Holi is an exuberant show of goodwill and love between humans and for their Gods. The actual festival of Holi takes place on a day called Parva (the actual day depends on the season, this year it is on March 10, last it was March 20).
Children, friends and neighbors gather on the streets and a riot of color takes over. Colored powders called abeer or gulal are thrown into the air and smeared on faces and bodies. Gulal is made up of many rich colors like magenta, red, yellow and green. Abeer is made of small crystals or paper like chips of mica. This is usually mixed with the gulal to give it a rich shine. These colours can be used dry, or mixed with water. Pichkaris are filled with colored water and this is spurted onto people. Water balloons are thrown at friends and neighbors in the spirit of fun. Sometimes, mud baths are prepared and people are dunked into this amidst much laughter and teasing. The visitors carry abeer or gulal to pay their respects to elders by sprinkling some on their feet. The younger crowd is drenched with buckets of coloured water and pummeled with water balloons. Dholaks, or Indian drums, are heard everywhere and the songs of Holi are carried by the voices of the people.

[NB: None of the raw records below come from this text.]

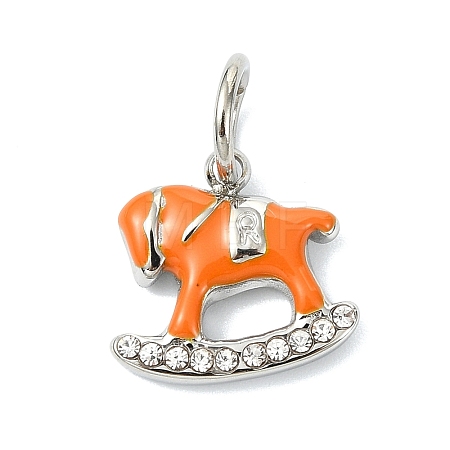 304 Stainless Steel Enamel Pendants STAS-A145-02P-1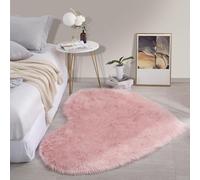 Sonhomay Fluffy Heart Shaped Rug Faux Area Rug Shaggy Room Carpet, Nursery Rug Carpet Area Rug for Living Room Bedroom Playing Room Decor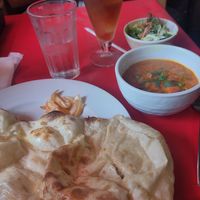 Lunch set with mix vegetable curry, naan, salad, and oolong tea. at Downtown B's - ダウンタウン ビーズ in Tokyo
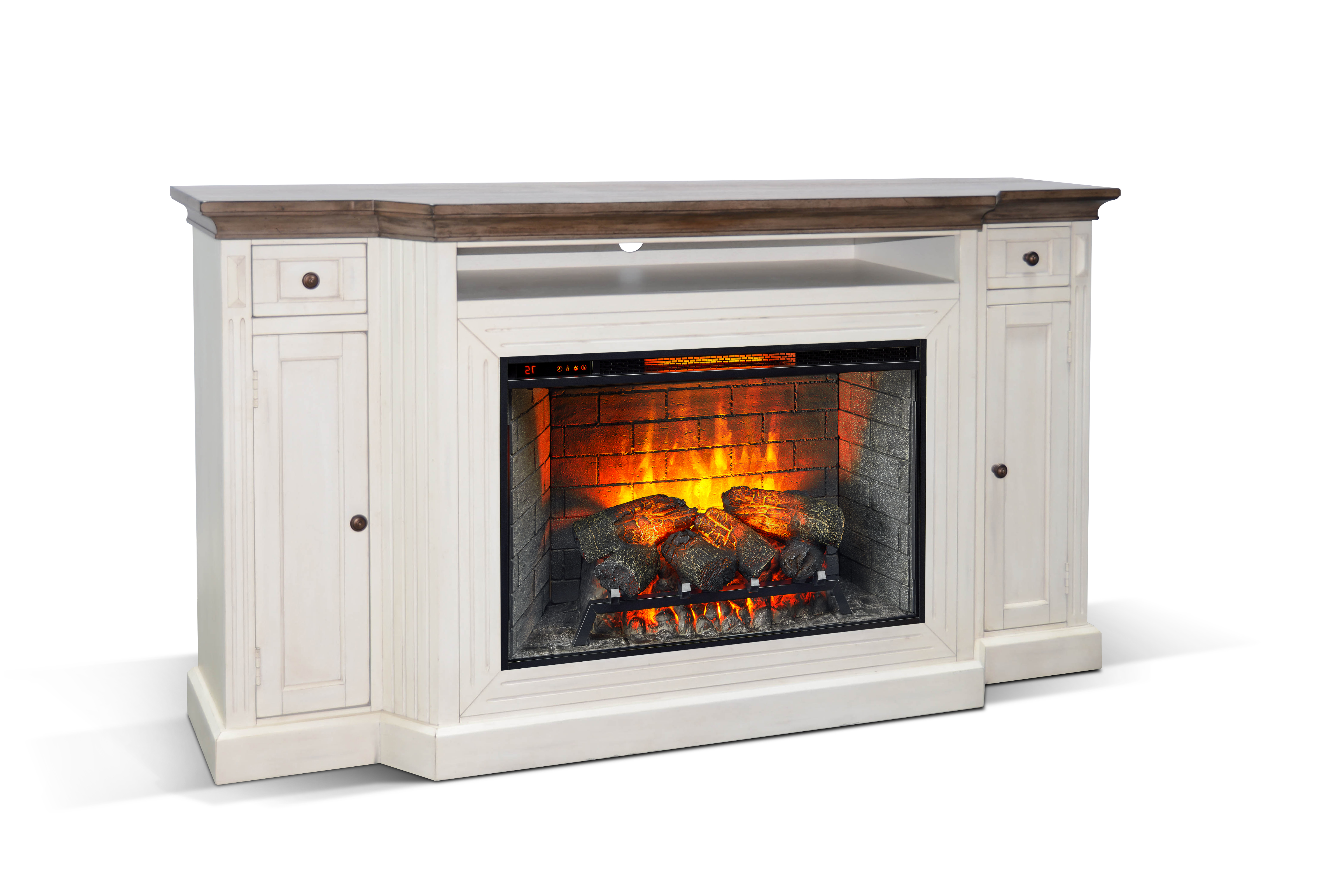 Purity Craft Transitional White Buckskin 72 Inch Media Console with Electri...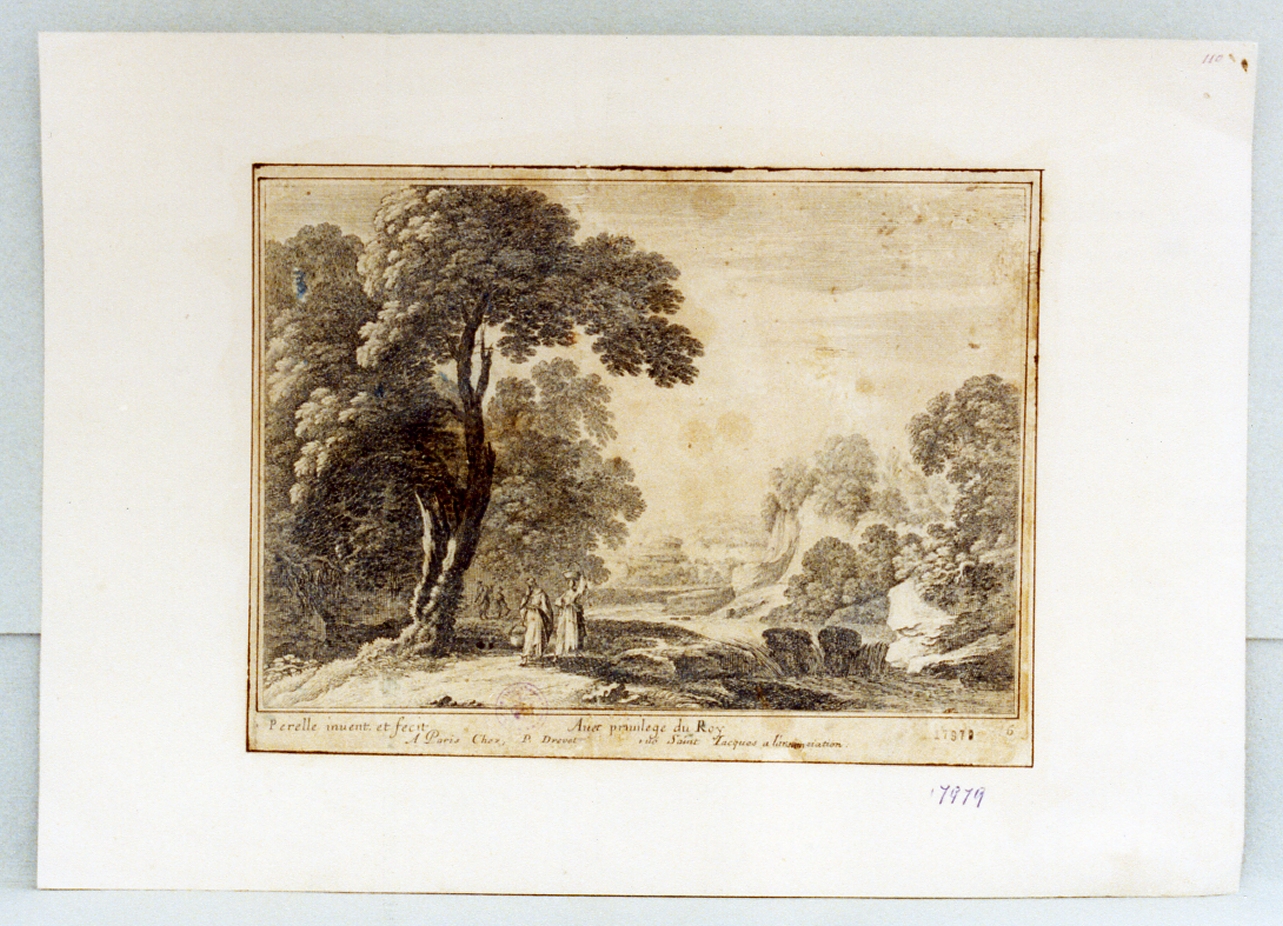 paesaggio fluviale (stampa) - ambito francese (sec. XVII)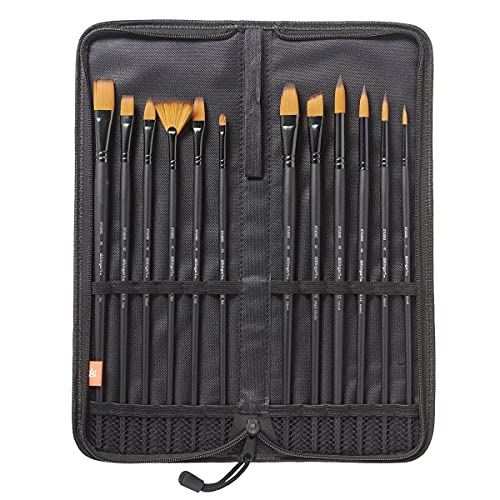 KingArt STUDIO Oil & Acrylic Long Handle Paint Brush Set, 12 ea, Piece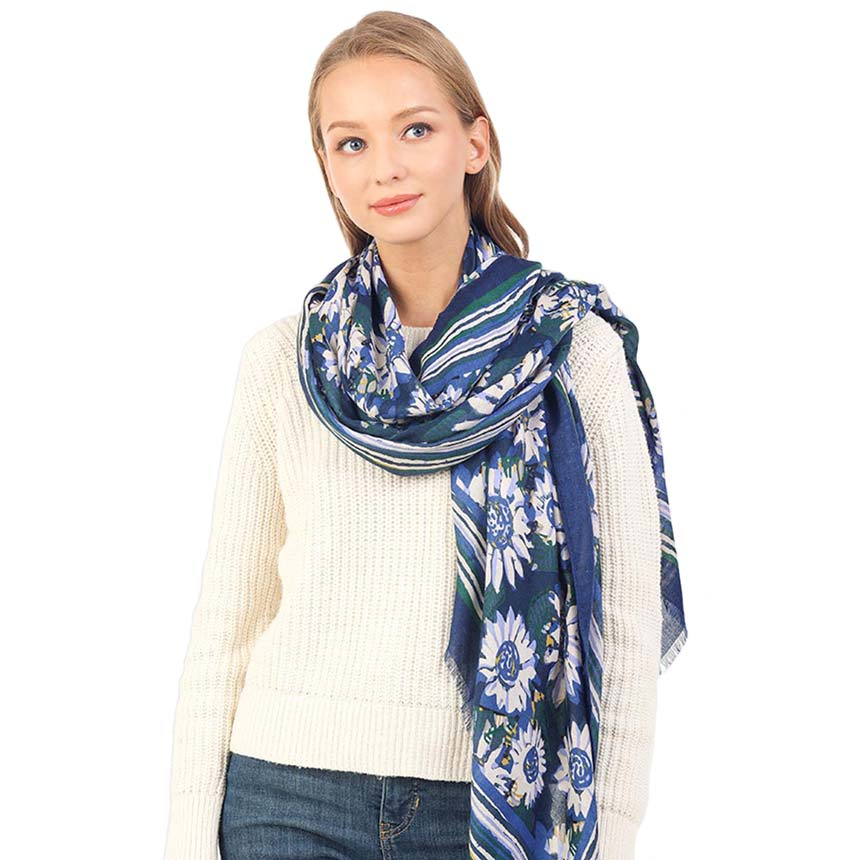 Blue Autumn Sunflower Pattern Oblong Scarf, Accent your look with this soft, highly versatile scarf. It's an on-trend & fabulous scarf that will amp up your beauty & make you stand out with a beautiful sunflower pattern. Great for daily wear in the cold winter to protect you against the chill.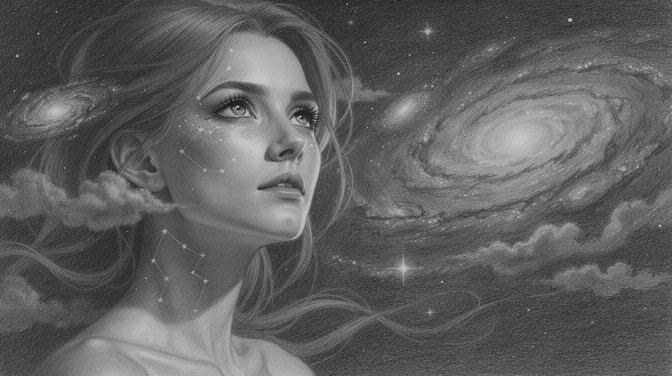 Free Cosmic Woman Portrait Image - Graphite, Portrait, Woman | Download ...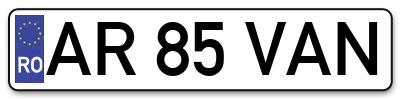 Placuta inmatriculare numar auto  AR-85-VAN, AR 85 VAN, AR85VAN
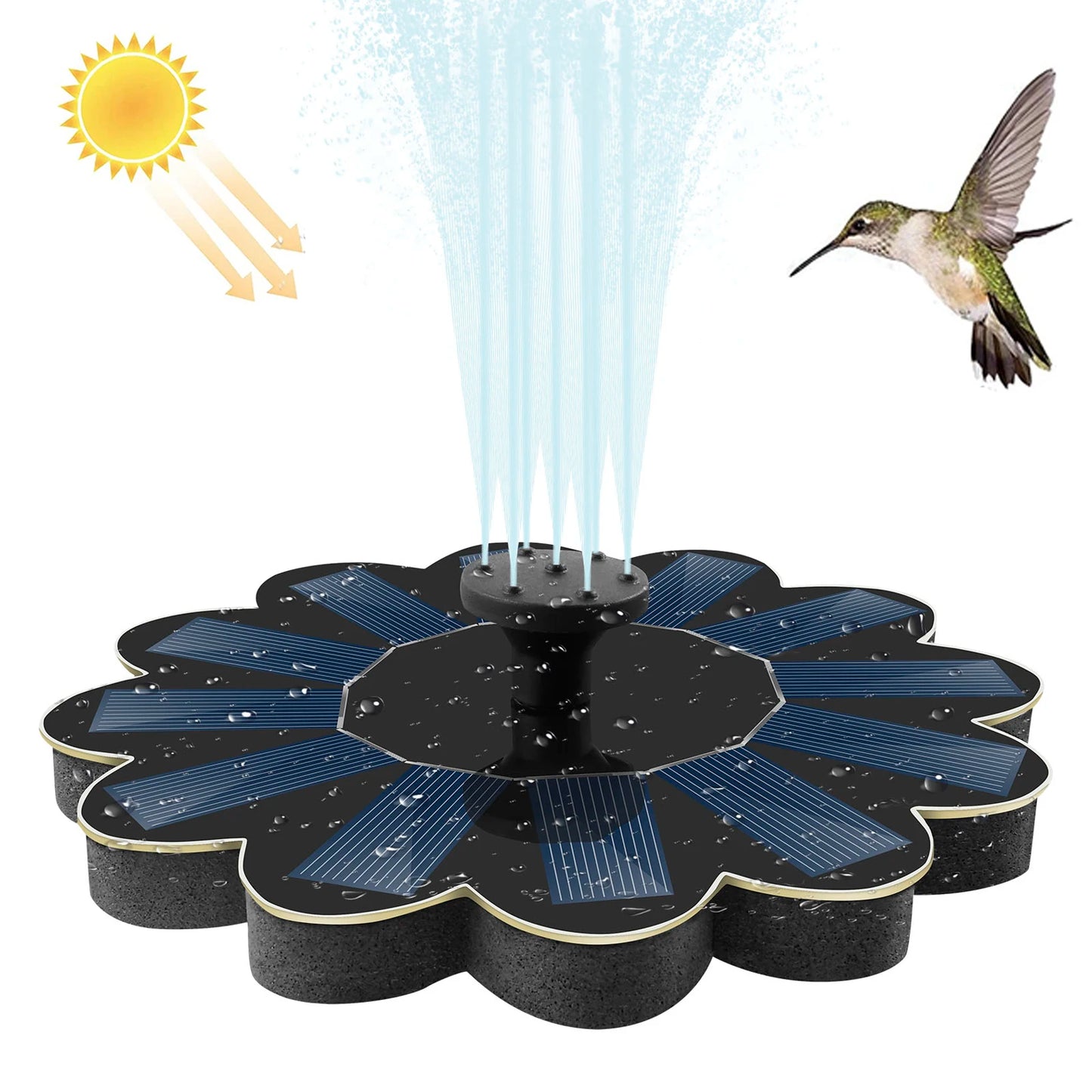 Solar Fountain Pump Bird Bath Fountain Garden Outdoor Water Pool Pond Floating Decor With 5 Nozzles Solar Panel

There isn't any worship associated with this festival of colors. However, some of the colored powders are smeared on the faces of the Gods, especially Krishna and Radha, at the commencement of the festivities.
The colors themselves represent the death of winter and the rebirth of the vibrant Spring. The night before the festival, the dead leaves and branches left over from winter are burned in a huge fire. The fire metaphorically meaning the death of evil.
The festival of Holi also has its traditions. On the day of the festival, children are painted to represent Gods and are given candy or some gift by passers-by. My personal favorite, is the custom of unmarried women getting to beat whomever they are interested in with a stick. As the colors are being thrown in the air, the single women pick out a male they like, and holding their veil back with one hand so that all you can see is one painted eye, they beat him as hard as they can while his back is arched and everybody laughs about it.
At the end of the festival, all the colors that have been thrown onto people have been mixed to be a dark grayish color. You can't distinguish one person from the next. This is a metaphor for everybody being not a seperate soul, but as part of one universal soul.
Perhaps the rest of the world should take notice of this. Very seldomly do you ever hear about masses of people just letting loose, having a good time, and showing love for one another unreservedly (even if it is by thrashing you with a stick).